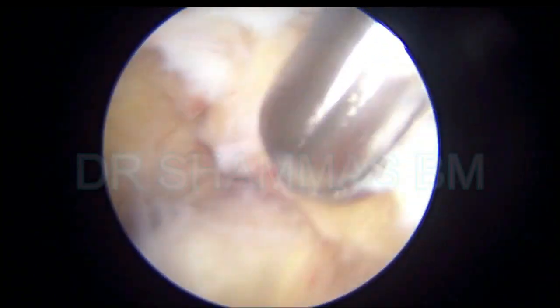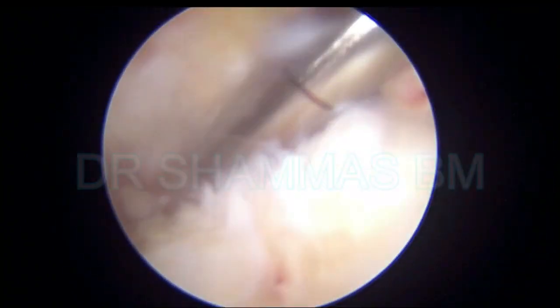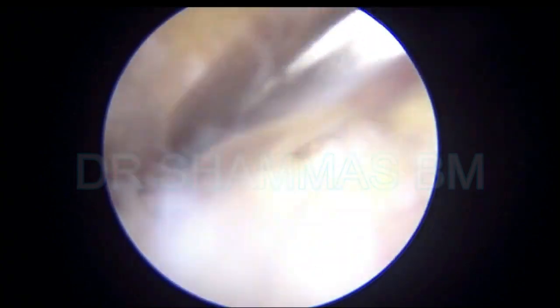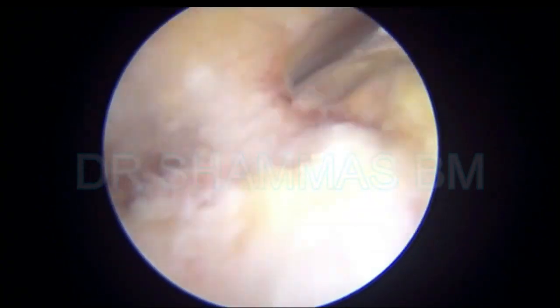Move the joint and see whether you are in the right position. Use the shaver for the soft tissue, a bone cutter when you see the bone, and the burr when you have to burr a hard piece of bone. These instruments are constantly changed and continuously used. Now you can see that I have got the talus and I am clearing the soft tissues over the talus.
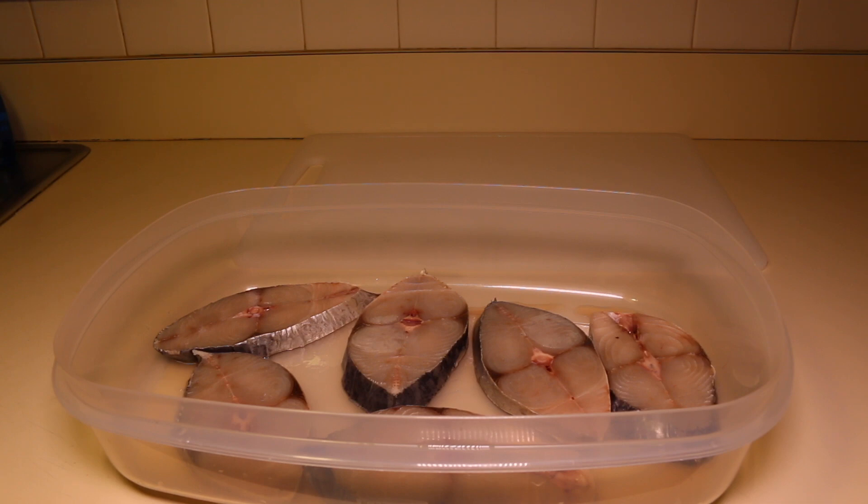Here in my bowl I have six slices of kingfish already washed in some lime juice. Next I'm going to go ahead and season the fish on both sides with some salt and black pepper.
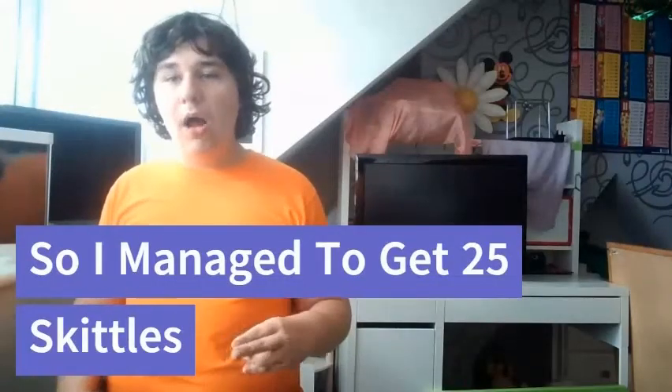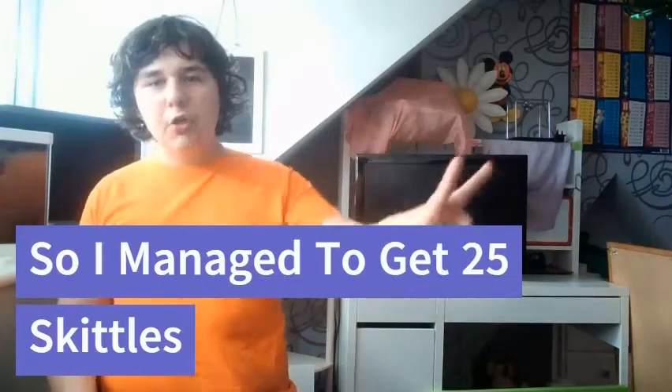Now time for challenge number two, and this is to see how many rounds I can pick up with my mouth. Let's do it.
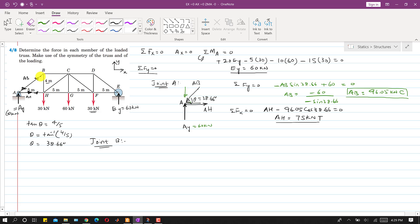At joint B we have three forces: the AB force, the BC force, and the BH force. The AB force (96.05 kN) acts toward joint B since it is compressive. The BC force is assumed acting toward the joint, and the BH force is assumed acting away from the joint.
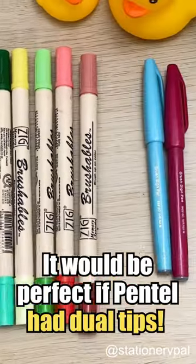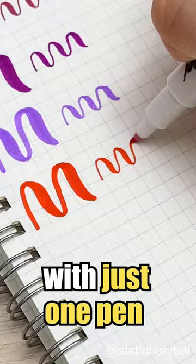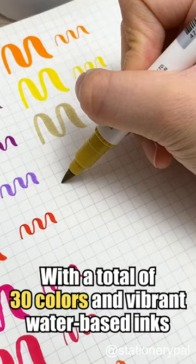It would be perfect if Pentel had dual tips — take a look at this Pentel Brush Sign Pen Twin. It comes with dual tips, allowing you to create both fine and broad lines with just one pen. With a total of 30 colors and vibrant water-based inks, this pen writes incredibly smoothly.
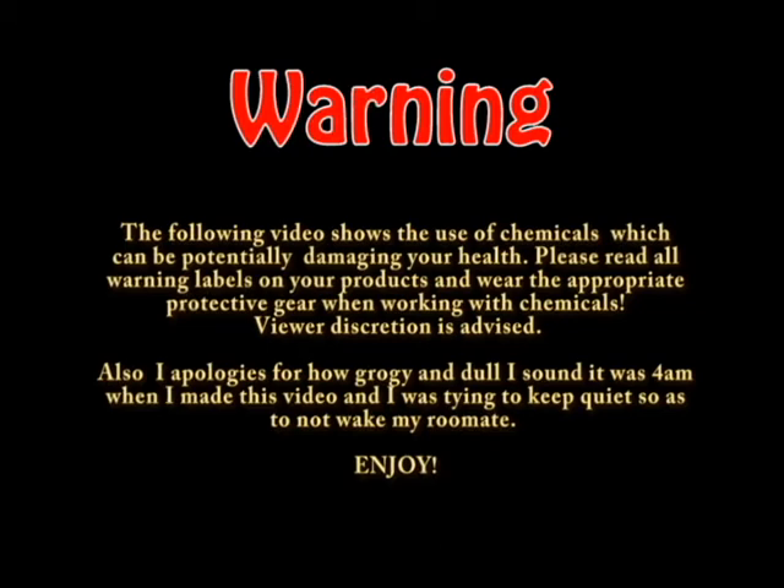Warning! The following video shows the use of chemicals which can be potentially damaging to your health. Please read all warning labels on your product and wear the appropriate protective gear when working with chemicals. Viewer discretion is advised.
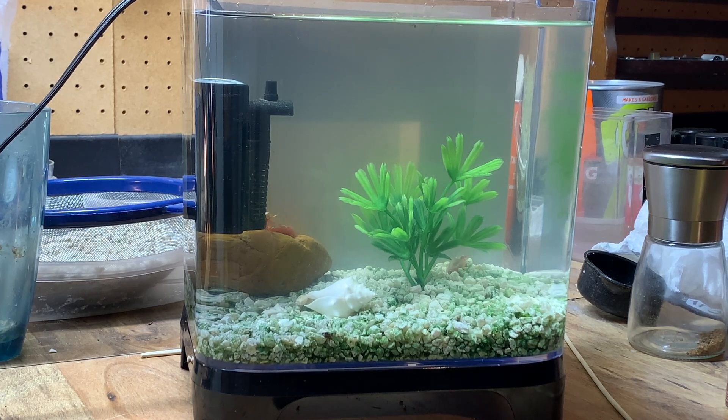These guys are about a month old and they're full grown. I use distilled water and it's just at room temperature — it doesn't need to be heated or anything. I use the filter every once in a while when the water gets a little bit cloudy.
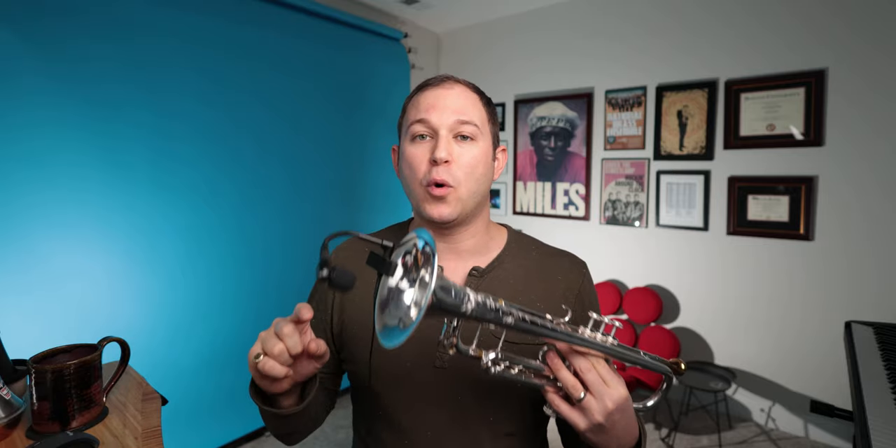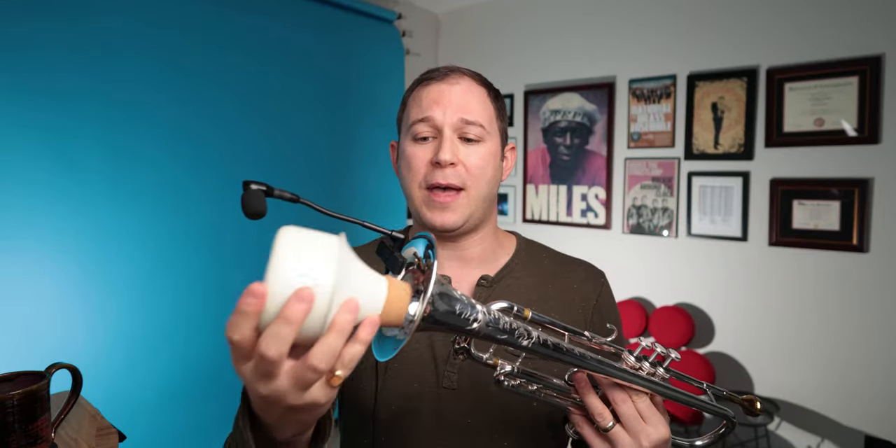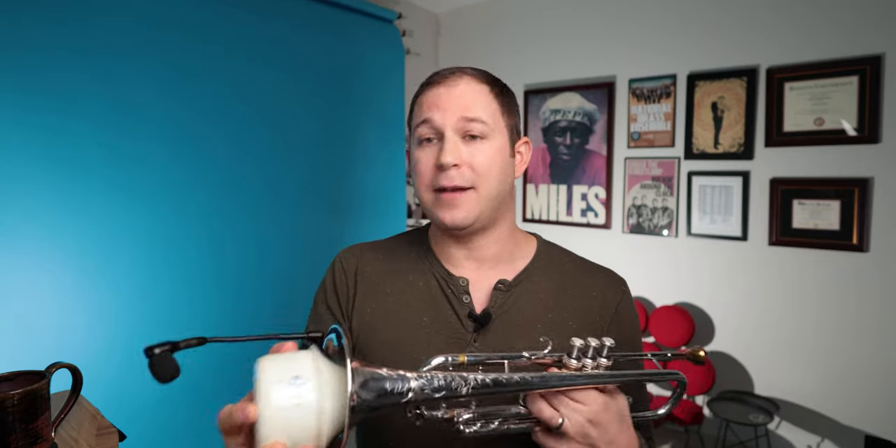This is the Shure Beta 98H. It takes phantom power, so that's something to keep in mind. This microphone is great for mutes — I'm not joking, this is the best microphone for mutes. Any clip-on microphone is going to be great for mutes, but this one works so well. The Harmon mute goes right in the bell and you can adjust the mic to be exactly where you want it. It is so hard to play a Harmon mute into a microphone on a stand and maintain that same distance, so a clip-on is especially important for a Harmon mute.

Problem: Your answer should hold only the lines from the one with "Warning! The following" through the final line of the listing above, transcribed exactly and without pictures.

Exercise solution:
Warning! The following video shows the use of chemicals which can be potentially damaging to your health. Please read all warning labels on your product and wear the appropriate protective gear when working with chemicals. Viewer discretion is advised.
These guys are about a month old and they're full grown. I use distilled water and it's just at room temperature — it doesn't need to be heated or anything. I use the filter every once in a while when the water gets a little bit cloudy.
This is the Shure Beta 98H. It takes phantom power, so that's something to keep in mind. This microphone is great for mutes — I'm not joking, this is the best microphone for mutes. Any clip-on microphone is going to be great for mutes, but this one works so well. The Harmon mute goes right in the bell and you can adjust the mic to be exactly where you want it. It is so hard to play a Harmon mute into a microphone on a stand and maintain that same distance, so a clip-on is especially important for a Harmon mute.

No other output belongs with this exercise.